Fola picked up her fork. The woman’s commands were so tactlessly forceful; it was almost a relief to be told what to do. She put a piece of pawpaw in her mouth but couldn’t chew it. She moved it around until it dissolved on her tongue.
“They’ve agreed to accept you,” said Reverend Wosornu, excited. “In ten years they’ve built quite a fine little school.”
“You’ll take your GCEs, then go to college in America.”
“Yes, ma’am.”
“Call me Mother.”
“Yes, Mother,” Fola said. The word sounded strange to her. Empty.
“That’s better.”
“Me, I’m just ‘Reverend.’ Not Father, not yet.”
“Speaking of fathers, yours was kind to our Sena.”
“ Vera ,” sighed the reverend, but his wife forged ahead.
“He can’t have any children, our Sena. Such a pity. Only son. And you know what the villagers say.” Fola didn’t know what the villagers said. The proverb was recited with mouth full of egg, “‘The woman who has one child only, has no child.’”
The reverend kept smiling. “Infant mortality,” he explained.

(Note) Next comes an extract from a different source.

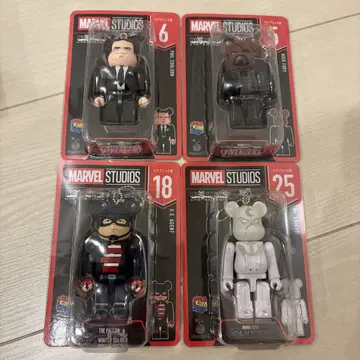 MARVEL 해피 복권 베어브릭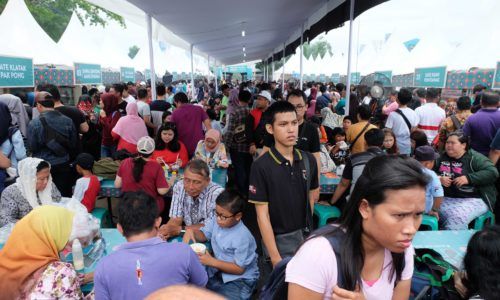 Kuliner legendaris Jakarta di festival kuliner terbesar di Indonesia.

How: she finished high school, seldom speaking, barely eating. When the war came next summer, she didn’t much care. She skimmed the local papers, saw the pictures, heard the rumors (slaughtered civilians, starving children, German mercenaries, Welsh) but this “Nigeria” they spoke of was nowhere she knew of, not home, not a place she could see , so not real. She lost too much weight and excelled in her studies, having done it all in Lagos with her erstwhile private tutor. Her classmates took to calling her “Biafran,” but jealously. They envied her hair, glowing marks, tragic glamour. She allowed herself to be fondled by one out of boredom. He lived up the road in East Cantonments. Yaw. He was actually quite handsome, an athlete, later soldier, but modest in ambition (how: Kweku was her first). She sat her exams and came first in the year. She cut off her hair, tired of brushing. A scholarship was arranged by more friends of the parish at Lincoln University, where Nkrumah had gone. She’d wanted to go to Kings College as her father had, but didn’t object.